I've been trying to avoid children book reviews. This was based off of reader comments when I was asking for blog feedback.
But the other day my sister-in-law said she missed them, and I have been missing them too. I will still hold back--unless I hear otherwise from all of you.
Since this week has been a salute to kids and books, I thought it would be fitting to end with some of my reading favorites of late.
1. I've been loving this book ever since my son got it for Christmas. The Jesus Storybook Bible is amazing! I've been brought to tears on many occasions reading this Bible storybook to my sons at night. The visuals are gorgeous and captivate a child's imagination. The stories are written with high-energy and high-interest. The writer, Sally Lloyd-Jones feels divinely inspired as you read her narratives. We have just read through the Old Testament. Last night my oldest started a monologue all about Moses and the Israelites and the Egyptians. I didn't even know he knew the word Israelites. He had some interesting thoughts and observations about what if the Egyptians and Israelites had changed places and the Pharaoh had to be a slave, then maybe he wouldn't have chased after the Israelites on those fast horses. Then his monologue turned to David and Goliath and later Daniel. From the descriptions he was using I knew he was retelling all the stories from this picture Bible. He ended with, "And next we get to read the New Testament! I'm so excited!"
2. The Rooster Prince of Brestov is a famous Yiddish folktale. First I love folktales, love the morals and lessons they teach young readers. Here is the traditional lesson of this folktale as interpreted by Rebbe Nachman, "For a teacher to raise his student to the heights of spiritual ecstasy, that teacher must approach the student at the student's own level, no matter how low." But also there is the author's view (Ann Redisch Stampler) of the embedded modern-day lesson, "I see the rooster prince tale as a coming-of-age story that explores, with great humor and tenderness, the question of how to nurture a child so he or she will grow up to become a good person. In the story a confused and alienated boy becomes a man by developing true compassion and practicing good deeds.....His stature as a prince suggest that all children, no matter how privileged, must go through this developmental process in order to become kings and queens---adults with moral authority in their families and communities."

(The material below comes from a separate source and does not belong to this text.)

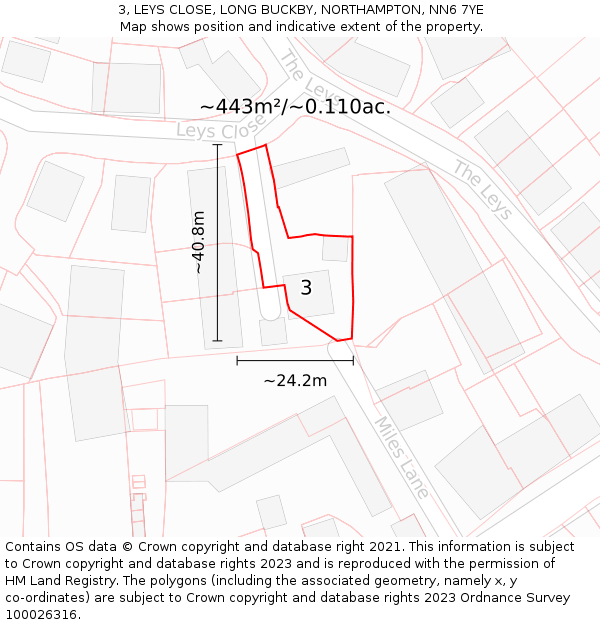3, LEYS CLOSE, LONG BUCKBY, NORTHAMPTON, NN6 7YE: Plot and title map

So, why did my boys love this book? Well, a red-headed prince decides he is a rooster. And to fully become this rooster, he strips himself to the buff! He walks around and eats corn off the floor. An old, wise man joins him. The pictures are amusing and funny, but the teacher (old man) is gentle and patient as he returns the rooster back to his parents as a worthy prince.
3. 1001 Things to Spot Long Ago is my last recommendation. This is an interactive book that helps teach history and time to young children. Each page is a visual mastery with items to spot and find. The first historical era is "At the market" Mesopotamia, 4000 years ago. One task was finding 10 necklaces. At, "A castle feast" England, 600 years ago my boys had to search for 10 silver goblets. The most recent was "The drive-in movies" North America, 45 years ago. One of the many hunts was for 9 boxes of popcorn.
This is one of those books that your children can look at on their own. I love catching my sons sitting on the couch together spotting and finding items and getting a taste for time and culture, society and value...how they change and evolve with time.